Give back the full listing verbatim, apart from its images.

Information shown
== Segment start ==
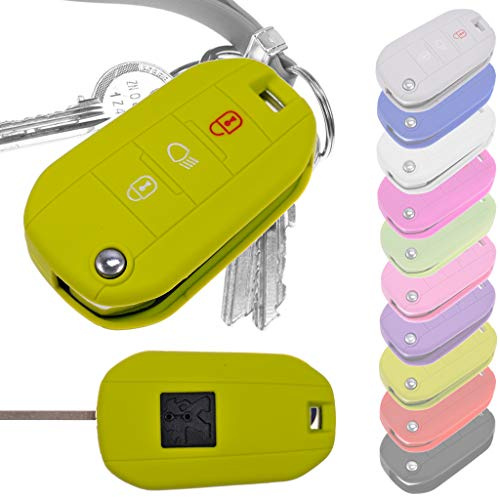 Soft Case Schutz Hülle Auto Schlüssel für Peugeot 208 308 5008 2008 Expert Citroen C3 C4 Spacetourer Klappschlüssel/Farbe: Apfelgrün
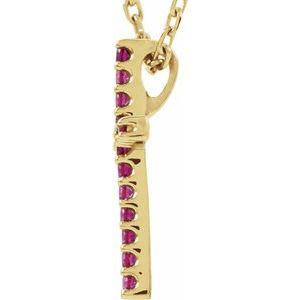14K Yellow Gold Natural Ruby Petite Cross 16" Necklace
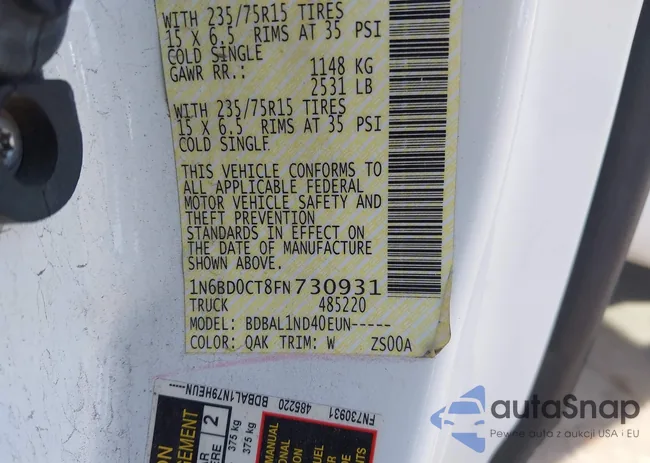 1N6BD0CT8FN730931: 44496883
== Segment end ==
Task answer
 Soft Case Schutz Hülle Auto Schlüssel für Peugeot 208 308 5008 2008 Expert Citroen C3 C4 Spacetourer Klappschlüssel/Farbe: Apfelgrün
14K Yellow Gold Natural Ruby Petite Cross 16" Necklace
 1N6BD0CT8FN730931: 44496883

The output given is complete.